## DATA
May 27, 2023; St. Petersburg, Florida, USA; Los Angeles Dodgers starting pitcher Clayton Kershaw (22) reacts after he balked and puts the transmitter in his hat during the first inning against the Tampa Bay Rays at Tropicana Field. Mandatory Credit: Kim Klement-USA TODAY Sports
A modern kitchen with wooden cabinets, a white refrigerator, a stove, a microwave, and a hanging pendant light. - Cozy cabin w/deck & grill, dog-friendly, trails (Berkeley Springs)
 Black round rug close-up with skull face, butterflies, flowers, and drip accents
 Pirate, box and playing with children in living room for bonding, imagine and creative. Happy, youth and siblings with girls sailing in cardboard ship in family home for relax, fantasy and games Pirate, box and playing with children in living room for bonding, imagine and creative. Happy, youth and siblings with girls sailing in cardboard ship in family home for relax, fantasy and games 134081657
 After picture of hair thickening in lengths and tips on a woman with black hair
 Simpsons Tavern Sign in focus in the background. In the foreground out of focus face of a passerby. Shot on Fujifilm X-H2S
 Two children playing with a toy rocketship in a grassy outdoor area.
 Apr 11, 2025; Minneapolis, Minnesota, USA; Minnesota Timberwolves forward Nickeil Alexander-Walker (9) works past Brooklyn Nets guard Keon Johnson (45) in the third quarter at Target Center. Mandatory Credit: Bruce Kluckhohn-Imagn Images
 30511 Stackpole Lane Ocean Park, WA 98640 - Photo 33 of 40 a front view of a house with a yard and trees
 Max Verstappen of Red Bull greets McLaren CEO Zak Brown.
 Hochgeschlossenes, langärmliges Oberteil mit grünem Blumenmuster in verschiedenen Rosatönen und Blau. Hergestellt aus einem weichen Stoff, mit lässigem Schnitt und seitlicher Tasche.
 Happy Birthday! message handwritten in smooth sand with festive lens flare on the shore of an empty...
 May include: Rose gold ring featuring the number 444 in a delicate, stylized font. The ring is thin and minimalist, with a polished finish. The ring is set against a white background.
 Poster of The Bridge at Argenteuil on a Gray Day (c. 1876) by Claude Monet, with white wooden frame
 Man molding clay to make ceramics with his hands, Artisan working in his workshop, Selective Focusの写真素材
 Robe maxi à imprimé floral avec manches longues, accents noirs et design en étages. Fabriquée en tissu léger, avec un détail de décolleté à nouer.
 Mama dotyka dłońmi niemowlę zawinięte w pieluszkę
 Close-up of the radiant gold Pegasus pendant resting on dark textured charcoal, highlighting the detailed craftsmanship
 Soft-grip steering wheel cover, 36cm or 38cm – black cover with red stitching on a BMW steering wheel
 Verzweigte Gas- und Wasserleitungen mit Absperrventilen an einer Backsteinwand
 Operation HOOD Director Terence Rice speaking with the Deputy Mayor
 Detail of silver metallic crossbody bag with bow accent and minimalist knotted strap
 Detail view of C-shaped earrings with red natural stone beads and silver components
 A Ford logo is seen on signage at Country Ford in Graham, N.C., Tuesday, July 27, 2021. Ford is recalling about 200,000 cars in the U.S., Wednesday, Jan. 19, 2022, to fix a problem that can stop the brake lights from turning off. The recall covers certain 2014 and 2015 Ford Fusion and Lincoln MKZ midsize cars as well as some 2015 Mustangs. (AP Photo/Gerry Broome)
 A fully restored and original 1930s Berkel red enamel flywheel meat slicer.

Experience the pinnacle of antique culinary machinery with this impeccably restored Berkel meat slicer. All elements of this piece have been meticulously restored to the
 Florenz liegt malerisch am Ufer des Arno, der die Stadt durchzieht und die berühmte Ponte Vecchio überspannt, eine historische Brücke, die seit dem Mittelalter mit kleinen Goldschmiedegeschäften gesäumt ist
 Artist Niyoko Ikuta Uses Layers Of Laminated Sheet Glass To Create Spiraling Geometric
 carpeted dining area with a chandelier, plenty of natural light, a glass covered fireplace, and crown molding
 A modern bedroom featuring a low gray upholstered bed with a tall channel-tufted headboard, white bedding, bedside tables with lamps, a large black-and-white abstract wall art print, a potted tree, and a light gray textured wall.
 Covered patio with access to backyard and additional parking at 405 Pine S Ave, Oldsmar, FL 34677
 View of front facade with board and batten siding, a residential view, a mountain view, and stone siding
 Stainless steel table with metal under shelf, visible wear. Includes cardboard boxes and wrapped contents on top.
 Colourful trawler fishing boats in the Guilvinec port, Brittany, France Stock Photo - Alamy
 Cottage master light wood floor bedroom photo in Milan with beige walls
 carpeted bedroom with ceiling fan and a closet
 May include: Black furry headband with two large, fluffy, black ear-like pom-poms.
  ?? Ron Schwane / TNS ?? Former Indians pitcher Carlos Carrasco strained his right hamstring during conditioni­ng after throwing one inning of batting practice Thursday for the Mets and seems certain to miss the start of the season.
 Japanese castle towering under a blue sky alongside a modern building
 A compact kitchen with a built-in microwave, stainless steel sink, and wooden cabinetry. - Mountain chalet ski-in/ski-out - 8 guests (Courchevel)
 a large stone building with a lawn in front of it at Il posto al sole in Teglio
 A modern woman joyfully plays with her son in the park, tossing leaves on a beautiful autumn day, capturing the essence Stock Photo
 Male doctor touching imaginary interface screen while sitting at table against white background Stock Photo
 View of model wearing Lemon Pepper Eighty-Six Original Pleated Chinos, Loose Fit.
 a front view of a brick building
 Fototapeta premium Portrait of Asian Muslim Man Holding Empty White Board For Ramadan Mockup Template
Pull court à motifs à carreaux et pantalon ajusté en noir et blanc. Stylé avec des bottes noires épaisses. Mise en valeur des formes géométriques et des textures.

## PROBLEM REQUIREMENTS
Wherever the word "certain" occurs in the data above, copy the line it sits in.

## WRITTEN RESPONSE
 A Ford logo is seen on signage at Country Ford in Graham, N.C., Tuesday, July 27, 2021. Ford is recalling about 200,000 cars in the U.S., Wednesday, Jan. 19, 2022, to fix a problem that can stop the brake lights from turning off. The recall covers certain 2014 and 2015 Ford Fusion and Lincoln MKZ midsize cars as well as some 2015 Mustangs. (AP Photo/Gerry Broome)
  ?? Ron Schwane / TNS ?? Former Indians pitcher Carlos Carrasco strained his right hamstring during conditioni­ng after throwing one inning of batting practice Thursday for the Mets and seems certain to miss the start of the season.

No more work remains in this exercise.